• _Working data_

----

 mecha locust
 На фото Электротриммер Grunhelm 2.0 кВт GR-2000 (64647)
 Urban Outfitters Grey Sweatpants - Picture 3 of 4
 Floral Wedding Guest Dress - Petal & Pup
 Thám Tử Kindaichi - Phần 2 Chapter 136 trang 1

----

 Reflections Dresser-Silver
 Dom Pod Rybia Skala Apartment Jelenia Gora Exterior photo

----

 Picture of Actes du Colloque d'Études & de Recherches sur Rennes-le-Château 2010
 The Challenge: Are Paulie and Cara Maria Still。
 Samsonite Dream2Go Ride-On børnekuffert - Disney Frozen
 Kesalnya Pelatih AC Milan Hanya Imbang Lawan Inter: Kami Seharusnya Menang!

----

• _Assigned task_
Starting at the line with "Floral Wedding Guest Dress - Petal & Pup" and ending at the line with "Thám Tử Kindaichi", print each line of the listing above exactly, with no other lines.

• _Output of the task_
 Floral Wedding Guest Dress - Petal & Pup
 Thám Tử Kindaichi - Phần 2 Chapter 136 trang 1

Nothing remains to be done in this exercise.